Broad Institute speeds scientific research with Cloud SQL
Kristian Cibulskis
Director of Technology - Data Sciences Platform, Broad Institute of MIT and Harvard
Editor’s note: The Broad Institute of MIT and Harvard, a nonprofit biomedical research organization that develops genomics software, needs to keep pace with the latest scientific discoveries. Here’s how they use managed database services from Google Cloud to move fast and stay on the cutting edge.
The Broad Institute of MIT and Harvard is a nonprofit biomedical research organization that focuses on advancing the understanding and treatment of human disease. One of our major initiatives is developing genomics tools and making them available across the scientific ecosystem. The rapid pace of discovery means our data sciences team has to keep pace so that our software products enable the best research. Our ability to move fast is critical. And when we decided to pivot our focus during the pandemic to develop and process tens of millions of COVID-19 tests, speed was a driving factor.
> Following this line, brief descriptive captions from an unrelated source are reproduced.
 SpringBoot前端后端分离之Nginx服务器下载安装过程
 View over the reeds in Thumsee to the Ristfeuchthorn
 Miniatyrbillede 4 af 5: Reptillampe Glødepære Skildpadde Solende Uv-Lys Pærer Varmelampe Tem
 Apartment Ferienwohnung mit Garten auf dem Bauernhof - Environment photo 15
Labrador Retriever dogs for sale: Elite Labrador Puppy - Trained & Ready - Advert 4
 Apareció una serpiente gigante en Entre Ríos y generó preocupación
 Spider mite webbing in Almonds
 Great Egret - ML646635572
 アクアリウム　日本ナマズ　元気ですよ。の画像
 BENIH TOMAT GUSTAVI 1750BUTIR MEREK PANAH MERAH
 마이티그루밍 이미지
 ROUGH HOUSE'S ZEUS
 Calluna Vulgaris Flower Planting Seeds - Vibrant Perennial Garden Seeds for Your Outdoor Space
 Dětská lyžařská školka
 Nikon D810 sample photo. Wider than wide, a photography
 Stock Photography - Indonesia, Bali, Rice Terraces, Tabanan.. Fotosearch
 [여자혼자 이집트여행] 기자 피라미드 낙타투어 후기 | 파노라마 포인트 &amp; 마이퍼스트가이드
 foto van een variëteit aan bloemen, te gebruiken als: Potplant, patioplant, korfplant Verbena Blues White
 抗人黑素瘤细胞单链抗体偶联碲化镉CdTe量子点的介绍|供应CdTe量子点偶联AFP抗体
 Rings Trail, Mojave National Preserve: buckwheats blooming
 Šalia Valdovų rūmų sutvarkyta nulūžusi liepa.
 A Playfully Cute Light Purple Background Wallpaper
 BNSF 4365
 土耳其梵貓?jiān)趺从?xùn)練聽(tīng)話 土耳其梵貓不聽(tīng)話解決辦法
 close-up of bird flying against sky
Fully managed database services and analytics solutions from Google Cloud helped us accelerate our pace of development.
Accelerating genomics insights with Cloud SQL
One of our main products that uses Google Cloud services is Terra —a secure, scalable, open-source platform for biomedical research. We co-developed it with Microsoft and Verily to help researchers access public datasets, manage their private data, organize their research, and collaborate with others. After a long history of working with Google Cloud, it was natural for us to leverage Google Cloud services for the control plane of Terra.
For the backend, we use a number of cloud services including Cloud SQL for PostgreSQL and MySQL, as well as Firestore, to allow users to track their different data assets, methods, and research results, and to power the Terra control plane. Cloud SQL helps us accelerate development in two key areas. First, our developers can get these database services up and running quickly, without going through some centralized system that might become a bottleneck. And secondly, using Cloud SQL lowers our operational burden. We can keep managed services running and performing well using fewer of our own developers. Instead, these teams can focus on developing new features for users.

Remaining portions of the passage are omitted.